In all that time the wounds had still not healed.  People who were clearly not affected by the blacklist had not forgiven someone who had never injured them personally, just their sense of justice.  When a tottering ninety-year-old Kazan took to the stage, the audience showed their division.  Some, like Lynn Redgrave, Beatty, and Kathy Bates gave him a standing ovation.  Others, such as Holly Hunter, Ed Harris, and Nick Nolte showed their displeasure by sitting down and withholding their applause.  They had been asked to do so as a protest against his actions in the Red Scare era.  A third group, led by Steven Spielberg, applauded but did not stand.  Personally I find the third group the most cowardly: at least those who showed their displeasure by not applauding made their feelings to the 'stool-pigeon' known. 

If one goes by the work, Kazan merited the award.  Their silent act of protest did not heal the wounds of the blacklist.  It only intensified them.  Kazan was too pugnacious to give them what the blacklisted victims and their sympathizers wanted: an apology for giving names to a group who already had them.  I can understand the lingering anger and hatred the Blacklist caused to those whose careers were ruined while others like Kazan flourished.  I cannot say that one was a direct result of the other, but given that today it is worse to be a Republican than it is to be a Communist in Hollywood, perhaps it is time for us to move on.  Picking on old wounds never allows for healing.

Num. 10
67th Academy Awards

10.) Stupid Hosting Tricks (1995)

Oprah...Uma...Uma...Oprah.  That little 'running gag' has become the bane of Kennedy Center Honoree David Letterman (who, ironically, should be the bane of the Kennedy Center Honors themselves, but I digress).  Letterman's hosting of the Academy Awards has become notorious as a disaster.  The jokes not only fell flat (Oprah...Uma...) but by the time he hauled Tom Hanks on stage for a Stupid Pet Trick (after giving us a Top Ten List) the Academy Awards had turned into a Late Show in Primetime Special.

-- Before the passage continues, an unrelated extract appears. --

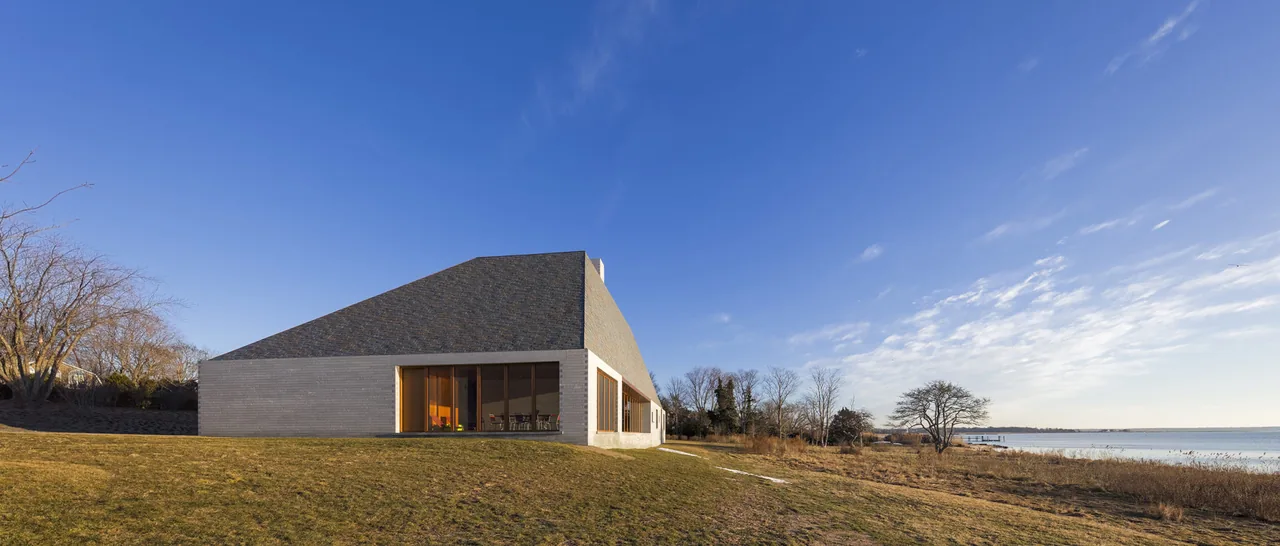 Side exterior of a modern Bayhouse with sloped roof and floor-to-ceiling glazing facing the waterfront.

Letterman, like Franco, appeared to not be interested in being there.  In Steve Pond's well-researched book The Big Show, he observed that Letterman didn't do much rehearsing.  Letterman didn't take to the stage until three days before the ceremony, and then things went badly.  Letterman wanted rim shots for his jokes, the Late Show and Academy production crews were not working in tandem, and in rehearsal Letterman slipped into a Late Show mindset, treating the show as one of his own rather than a one-night special event.   If he'd had Farah Fawcett there, dear GOD...

At the rehearsal, Keanu Reeves, there to present Best Picture nominee Pulp Fiction, asked Academy Awards head writer Bruce Vilanch what Letterman was like.  Pressing for more info, Reeves asked Vilanch if Letterman was going to do his Late Show schtick.  An incredulous Reeves kept saying, "No," when told more and more about Letterman's plans for the Oscars.  When finally told Letterman was going to do a Stupid Pet Trick, a horrified Reeves responded angry (according to Pond, who had been granted rare access to rehearsals for The Big Show), "No!  He can't!  Whatever happened to restraint and decorum?"

When Keanu Reeves (never perceived as the smartest man in the room) realizes that a Stupid Pet Trick would ruin the Academy Awards 'restraint and decorum' but David Letterman doesn't...   Both The Late Show and Letterman's reputation have never fully recovered from this debacle (Kennedy Center Honor notwithstanding).